Edge cases reveal design flaws: Scenario Outline naming conventions, special characters in paths, and timestamp collisions only appeared under real-world usage with 22 iterations.

Process Insights

Start with architecture, not features: We spent 30% of development time on architecture design. This investment paid off when adding new features became trivial.
Test your tests: Running 22 iterations exposed edge cases that 2-3 iterations would have missed. Parallel execution revealed race conditions that sequential runs hid.
Steering rules are product features: The .kiro/steering/ rules aren't just documentation—they're active components that maintain quality automatically.

Kiro IDE Insights

AI + Rules = Consistency: Kiro's AI understands context, but steering rules ensure it always follows the architecture.
Real-time enforcement works: Catching violations during development (not in code review) dramatically improves code quality.
Documentation as code: Steering rules in markdown are both human-readable and machine-enforceable.
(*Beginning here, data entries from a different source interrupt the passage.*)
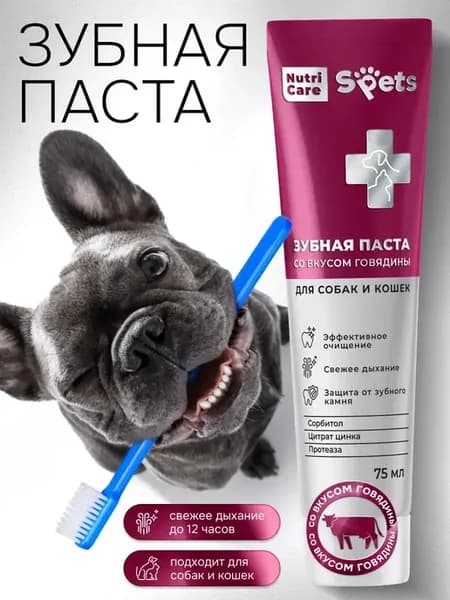 Зубная паста для собак и кошек со вкусом говядины 75 мл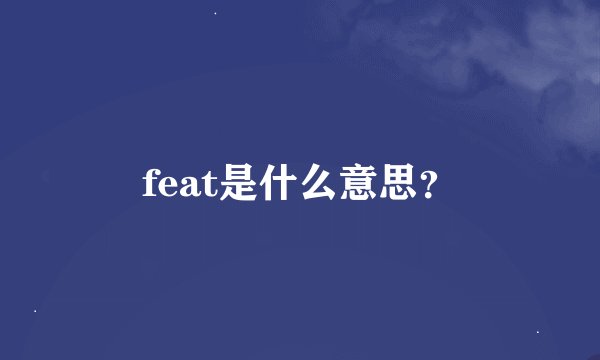 feat是什么意思？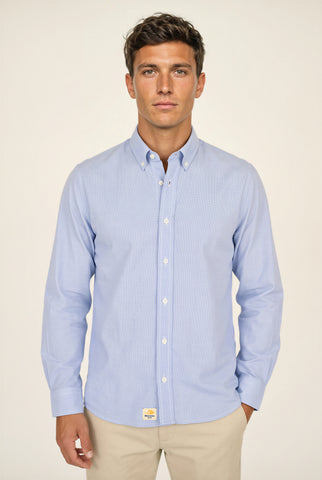 Camisa Popelin espiga azul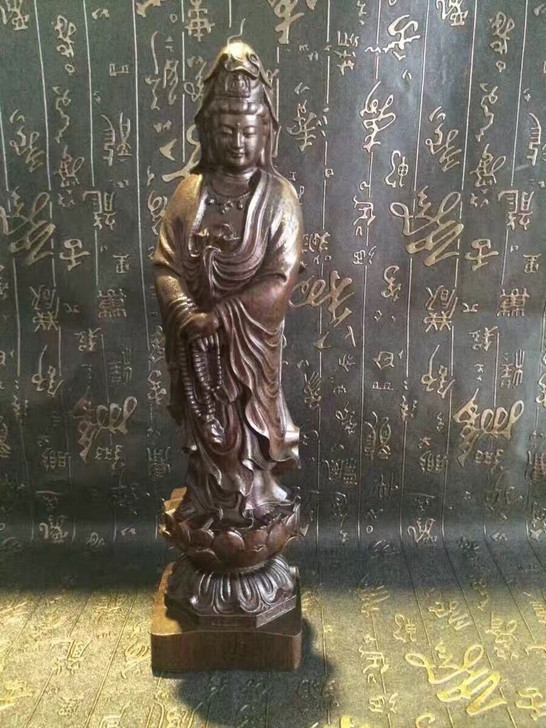 捡漏原木雕 沉香木观音菩萨 木雕摆件 工艺...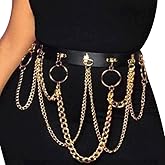 BODIY Black Leather Waist Chain Belt Gold Body Chain Punk Rave Accessories Fashion Body Jewelry for Women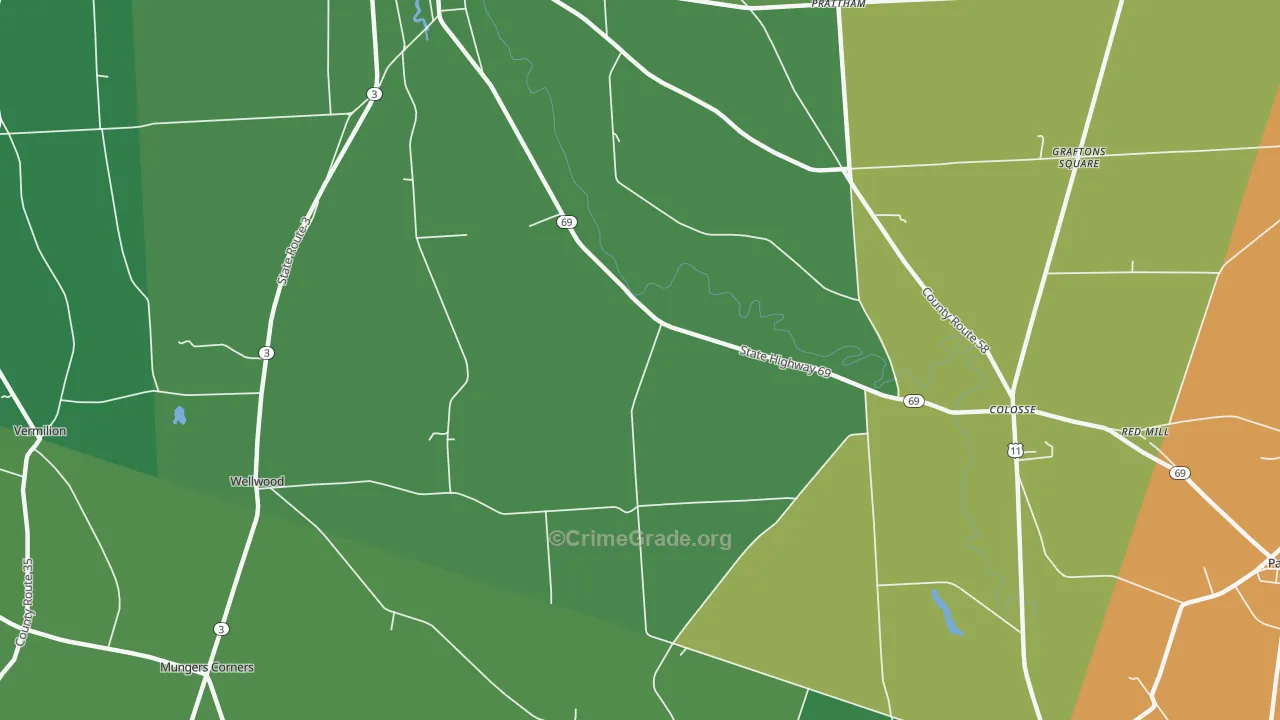 Lycoming, NY Map of Vandalism Rates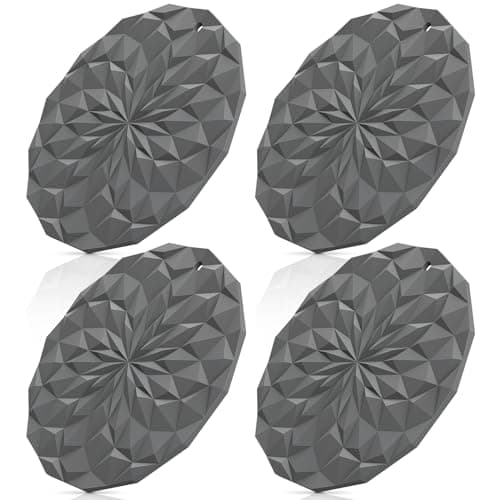 ME.FAN Silicone Trivet Mats - 4 Pack Pot Holders - 7.4'' Thickened Hot Pads for Hot pots, Pans and Dishes, Heat Resistant Silicone Trivet for Table and Counter Top Deep Grey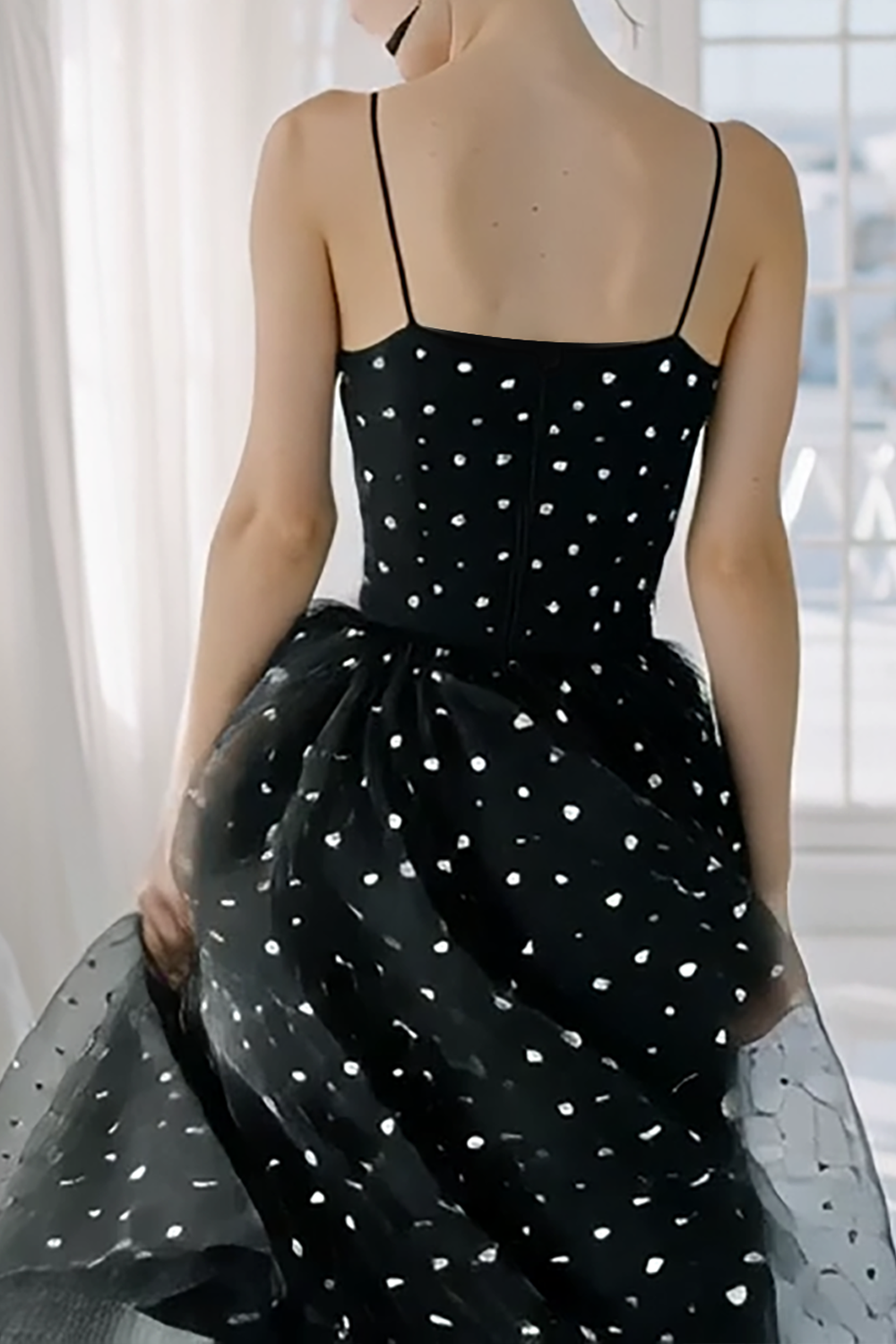 Black White Tulle Spaghetti Straps A Line Midi Wedding Guest Dress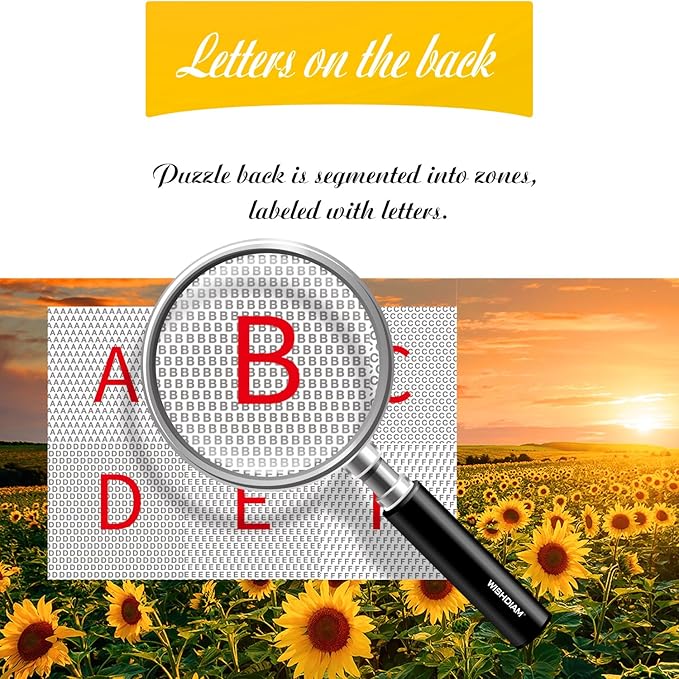 Jigsaw Puzzles Colorful Sunflower - WISHDIAM Puzzles for Adults - 2 Pack 1000 Pieces Nature Floral Impossible Difficult Challenging Puzzles for Home Decor Birthday Party Gifts Toy for Men Women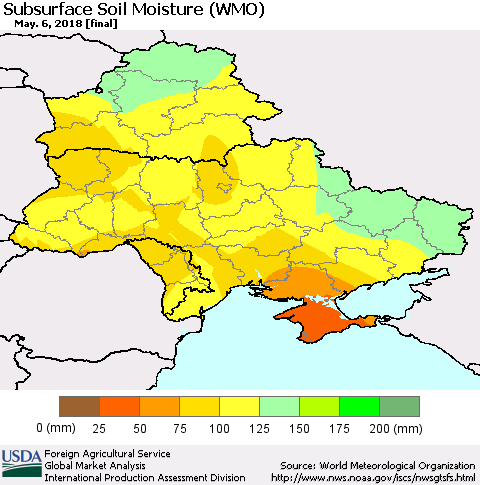 Ukraine, Moldova and Belarus Subsurface Soil Moisture (WMO) Thematic Map For 4/30/2018 - 5/6/2018
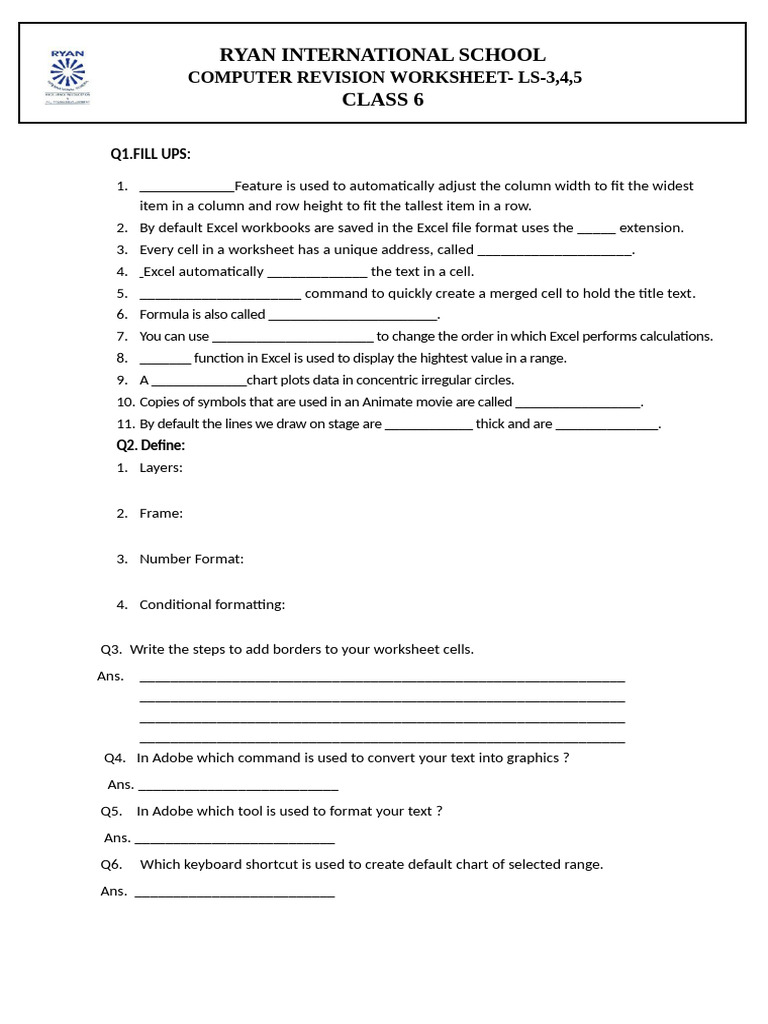 Class 6 Computer Ls 3-4-5 Revision Worksheet_ic706466 | PDF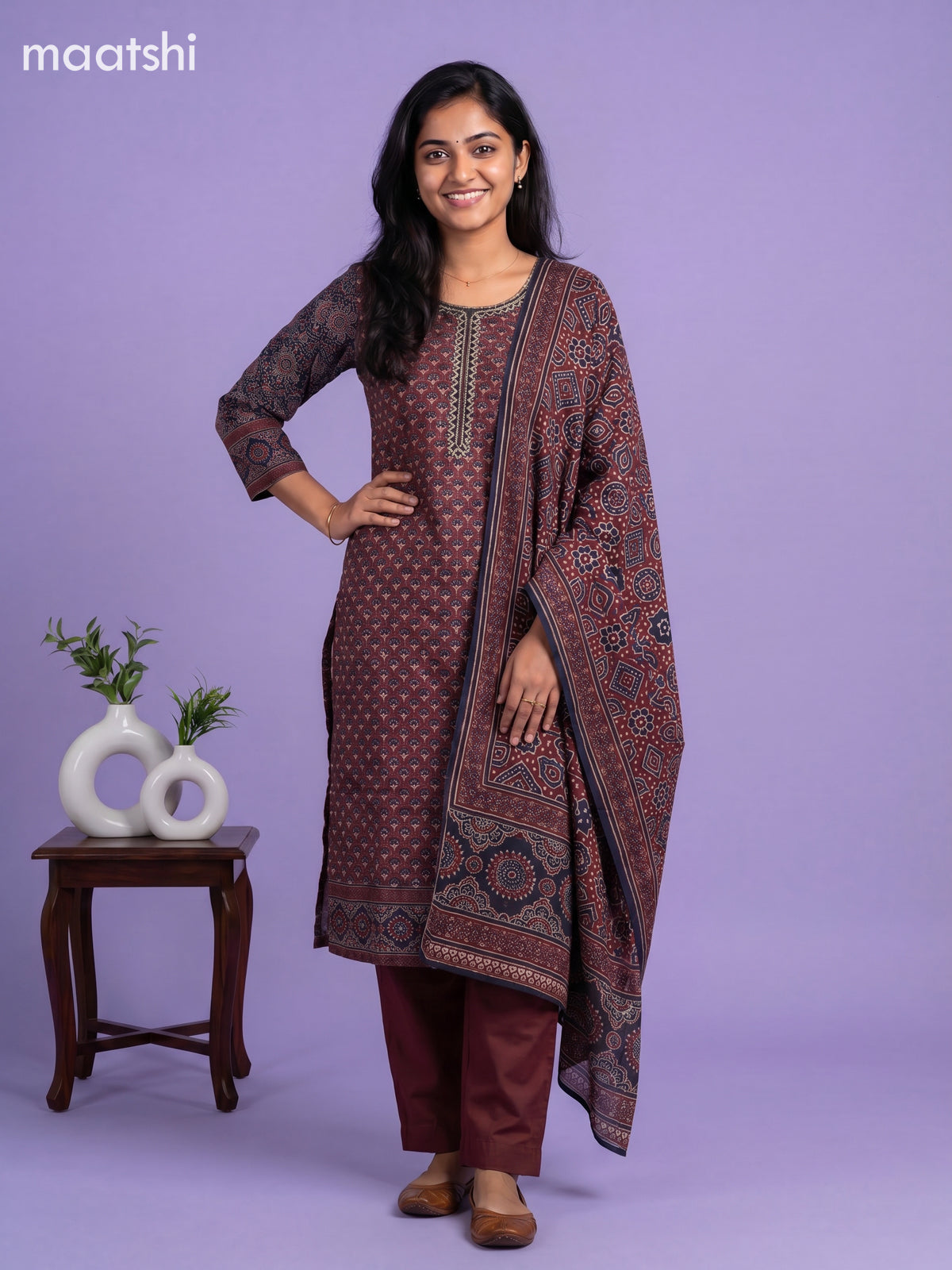 Maroon Muslin Printed & Embroidery Work Straight Suit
What's next for Haka-Test Automation

Short-term (Next 3 months)

Mobile Testing Support
- Add Appium integration to the Logic layer
- Create mobile-specific POM patterns
- Demonstrate the skeleton works for iOS/Android
Database Testing Module
- Add SQLAlchemy to the Logic layer
- Create database POM for queries
- Show the same architecture works for data validation
Enhanced Reporting
- Video recording for failed tests
- Performance metrics dashboard
- Trend analysis across test runs

Mid-term (6 months)

Visual Regression Testing
- Integrate Percy or Applitools
- Screenshot comparison in reports
- Baseline management
Security Testing Integration
- OWASP ZAP integration
- Security scan results in reports
- Vulnerability tracking
Performance Testing
- Locust integration for load testing
- Performance metrics in same report format
- Bottleneck identification

Long-term Vision

The Universal Testing Skeleton: A single architectural foundation that supports:

✅ UI Testing (Playwright) - Done
✅ API Testing (Requests) - Done
📱 Mobile Testing (Appium) - Planned
🖥️ Desktop Testing (PyAutoGUI) - Planned
🗄️ Database Testing (SQLAlchemy) - Planned
🔐 Security Testing (OWASP ZAP) - Planned
⚡ Performance Testing (Locust) - Planned
👁️ Visual Testing (Percy) - Planned

All with:

Same 3-layer architecture
Same Kiro Steering enforcement
Same report format
Same quality standards

Community Goals

Open-source the steering rules: Share our architecture enforcement patterns with the community
Create Kiro Steering templates: Pre-built steering rules for common testing patterns
Build a plugin ecosystem: Allow community contributions while maintaining architectural consistency

The future of test automation isn't just flexible frameworks—it's self-maintaining systems that enforce quality automatically.